***** Working data
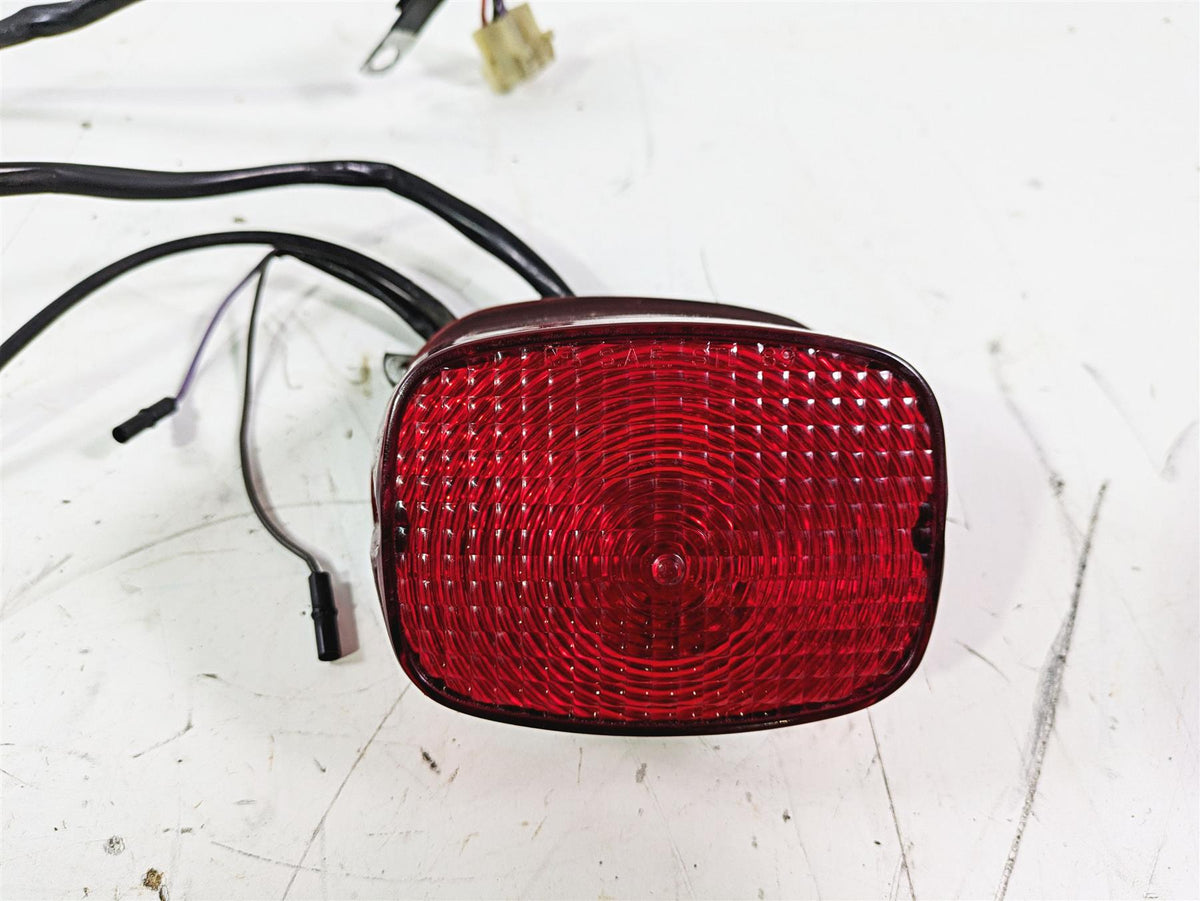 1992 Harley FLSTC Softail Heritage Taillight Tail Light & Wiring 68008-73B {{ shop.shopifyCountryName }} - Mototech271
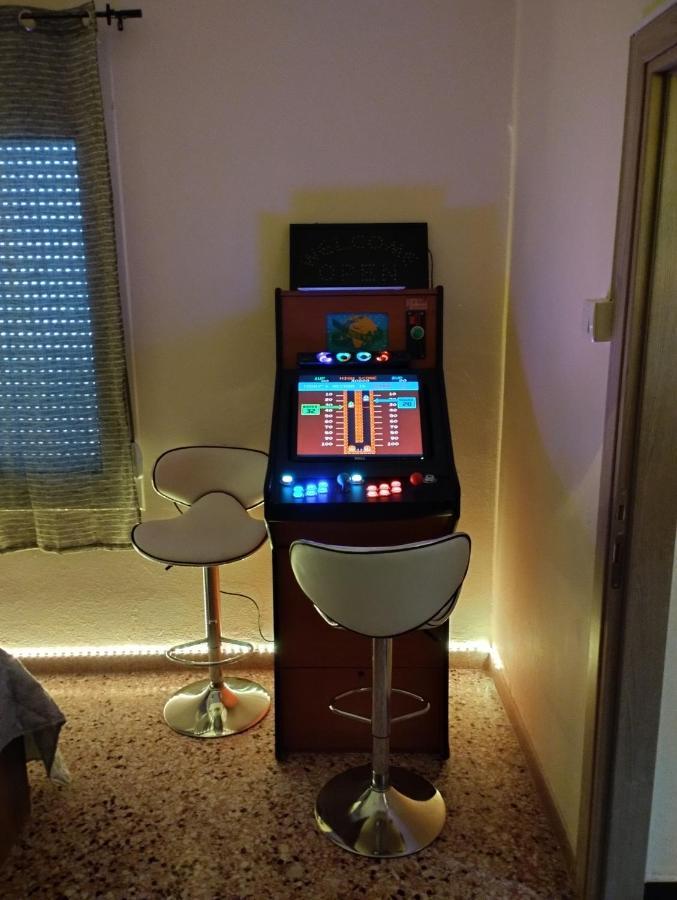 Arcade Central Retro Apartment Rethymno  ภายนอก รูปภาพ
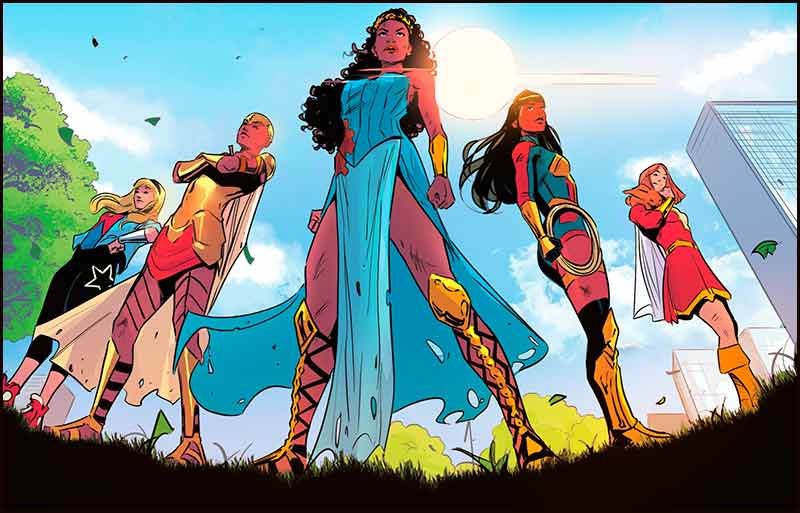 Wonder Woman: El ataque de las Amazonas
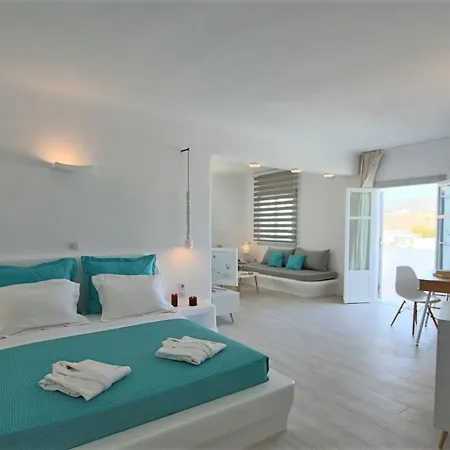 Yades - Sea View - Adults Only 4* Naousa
**********
***** Working data
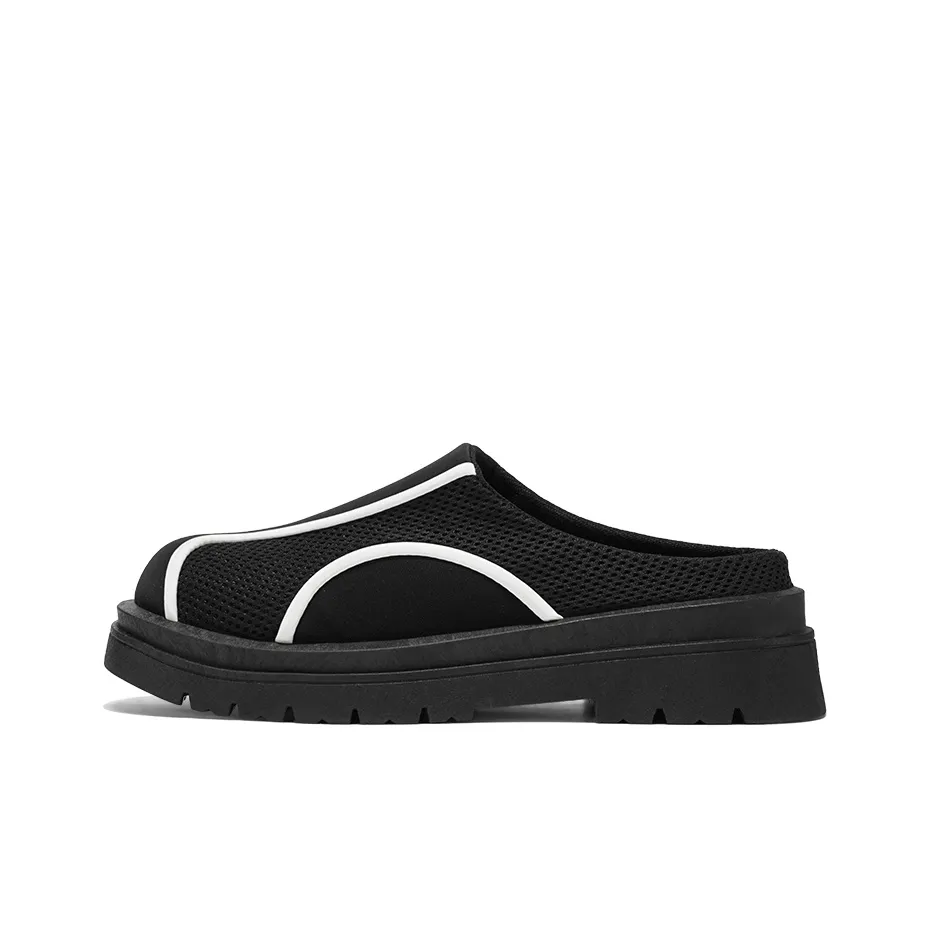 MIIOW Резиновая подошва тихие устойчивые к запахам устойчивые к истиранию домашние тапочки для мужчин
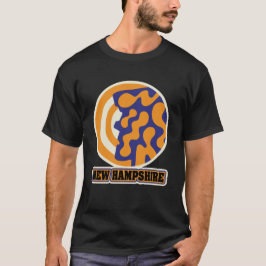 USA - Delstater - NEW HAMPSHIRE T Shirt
**********
→ **What you are asked to do**: For the entries above, print exactly the lines between the one with "MIIOW Резиновая подошва" and the one with "USA - Delstater - NEW HAMPSHIRE T Shirt", inclusive, with no pictures.

→ **Problem solution**:
 MIIOW Резиновая подошва тихие устойчивые к запахам устойчивые к истиранию домашние тапочки для мужчин
 USA - Delstater - NEW HAMPSHIRE T Shirt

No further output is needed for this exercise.